- Records for the exercise:
· · · · ·
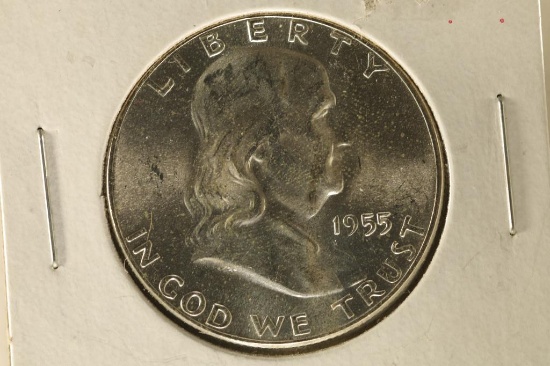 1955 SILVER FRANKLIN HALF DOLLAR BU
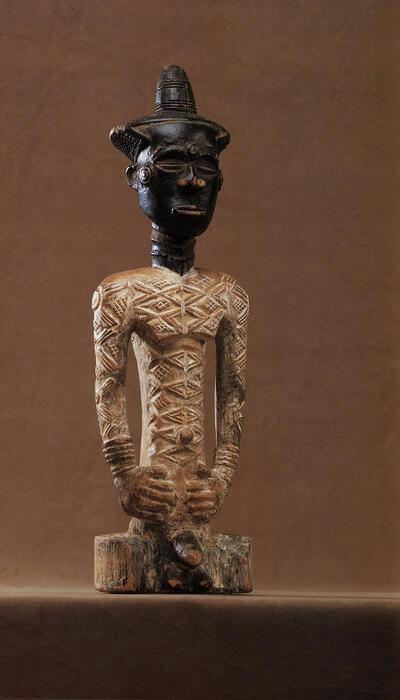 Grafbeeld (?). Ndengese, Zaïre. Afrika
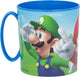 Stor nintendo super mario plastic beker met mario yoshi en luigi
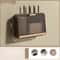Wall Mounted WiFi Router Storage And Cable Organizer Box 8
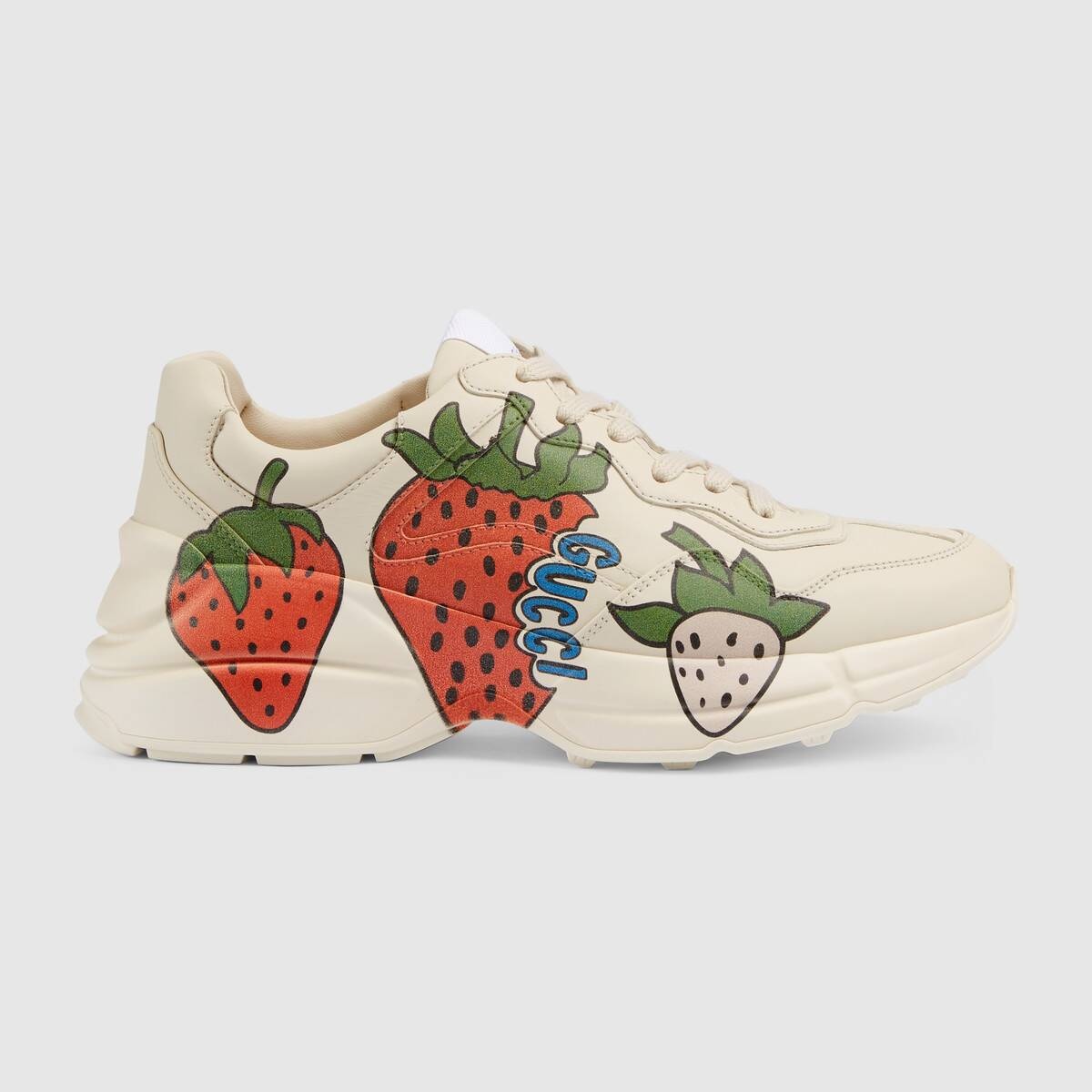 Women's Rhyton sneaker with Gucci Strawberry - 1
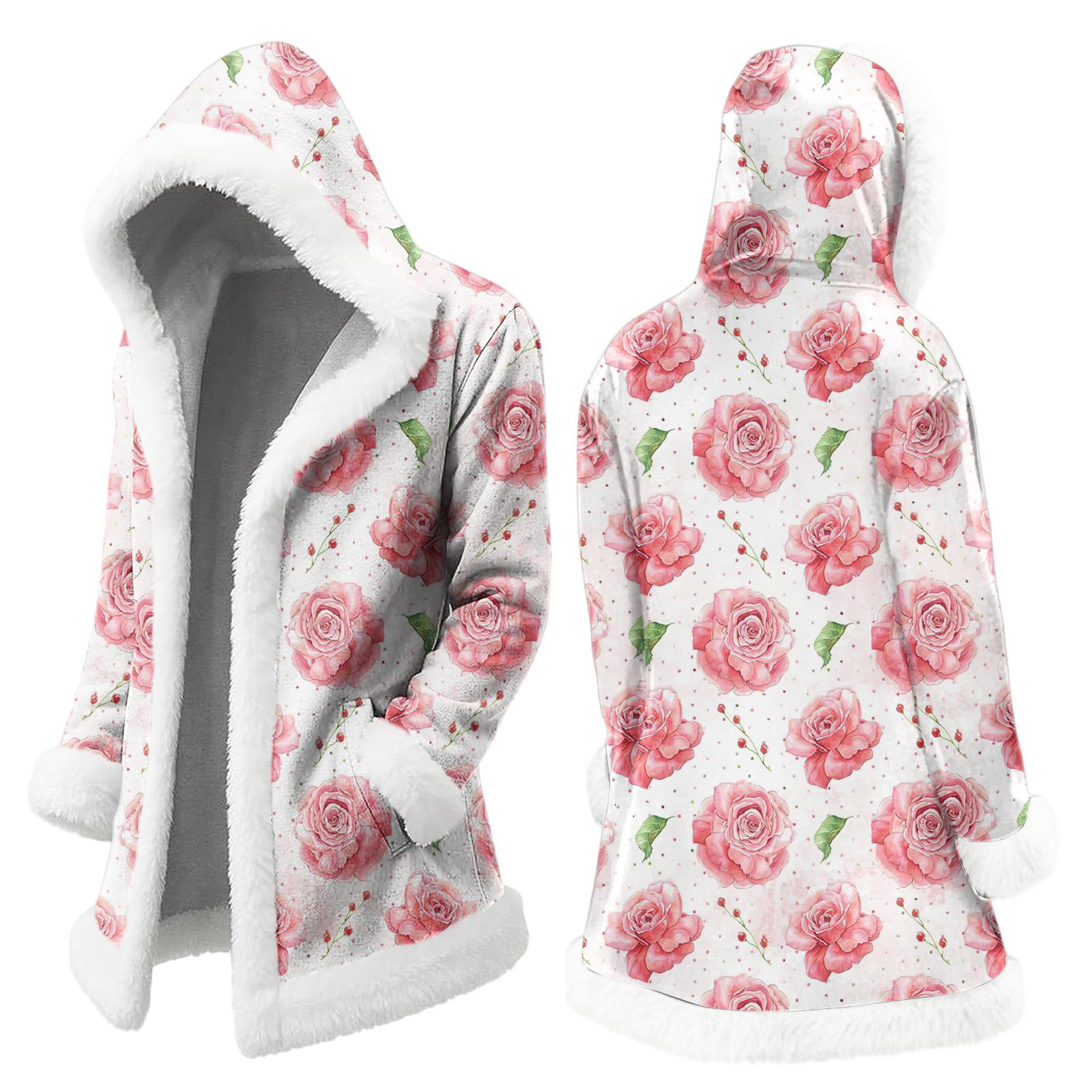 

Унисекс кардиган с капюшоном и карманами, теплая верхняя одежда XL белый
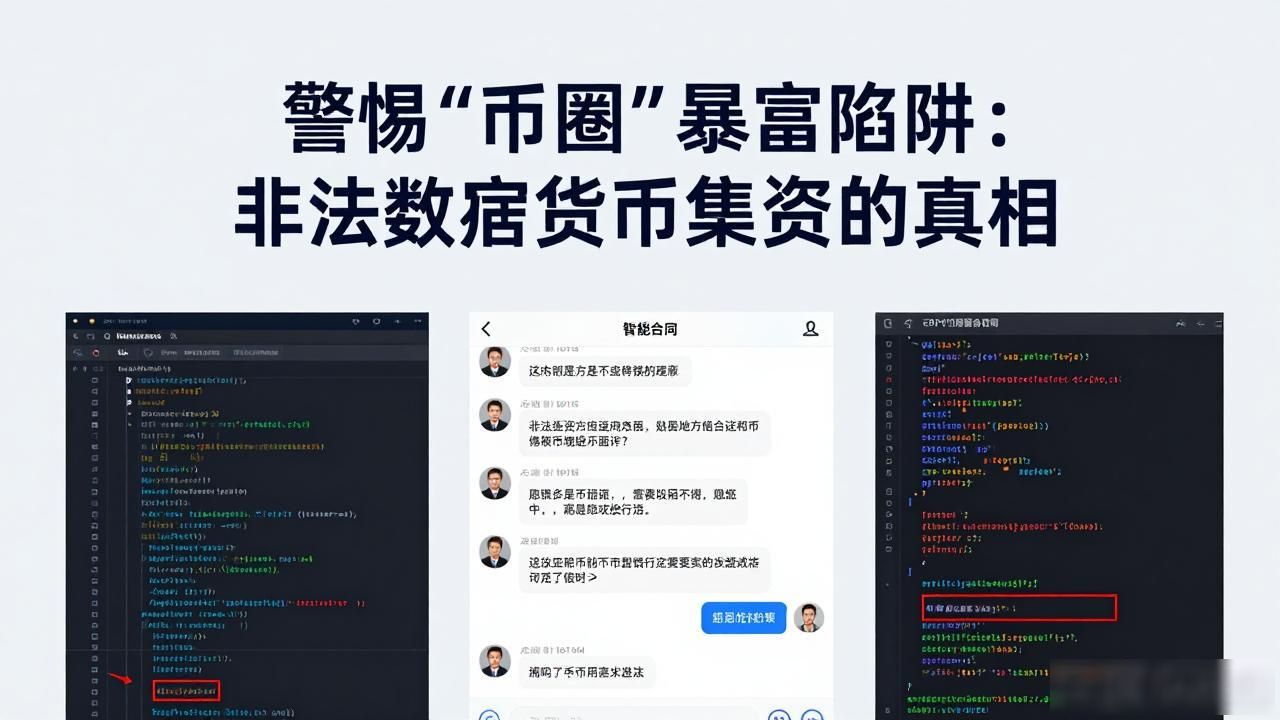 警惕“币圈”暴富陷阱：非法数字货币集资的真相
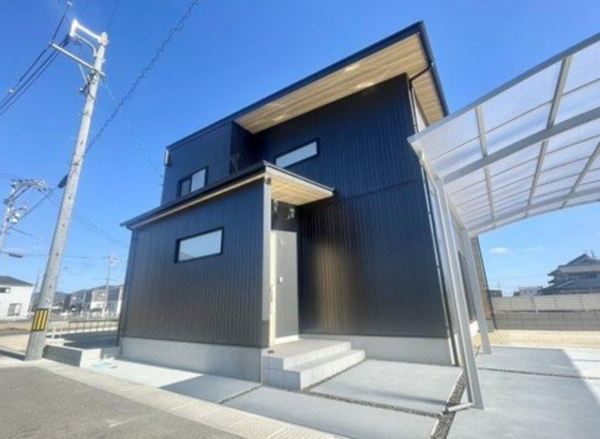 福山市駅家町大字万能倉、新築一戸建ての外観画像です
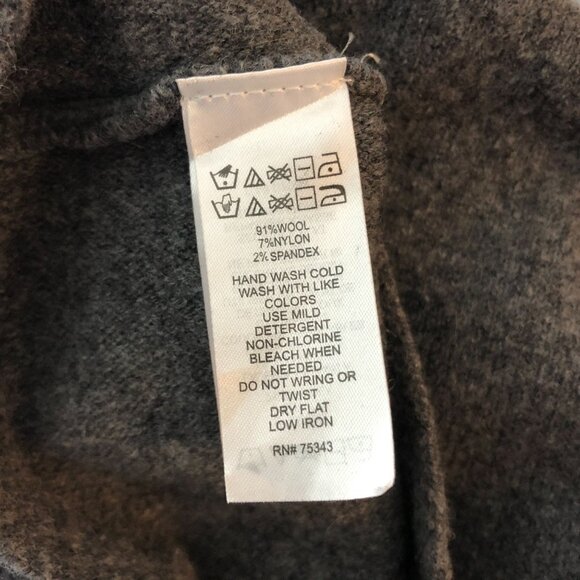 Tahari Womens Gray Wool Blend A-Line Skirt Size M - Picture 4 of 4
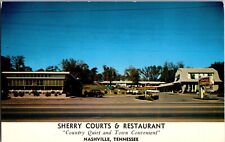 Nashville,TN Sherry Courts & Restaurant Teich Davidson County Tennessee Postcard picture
· · · · ·
- Problem description: When you transcribe the entries above, keep every word exact and leave out the pictures.

- Exercise response:
 1955 SILVER FRANKLIN HALF DOLLAR BU
 Grafbeeld (?). Ndengese, Zaïre. Afrika
 Stor nintendo super mario plastic beker met mario yoshi en luigi
Wall Mounted WiFi Router Storage And Cable Organizer Box 8
 Women's Rhyton sneaker with Gucci Strawberry - 1

Унисекс кардиган с капюшоном и карманами, теплая верхняя одежда XL белый
 警惕“币圈”暴富陷阱：非法数字货币集资的真相
 福山市駅家町大字万能倉、新築一戸建ての外観画像です
 Tahari Womens Gray Wool Blend A-Line Skirt Size M - Picture 4 of 4
 Nashville,TN Sherry Courts & Restaurant Teich Davidson County Tennessee Postcard picture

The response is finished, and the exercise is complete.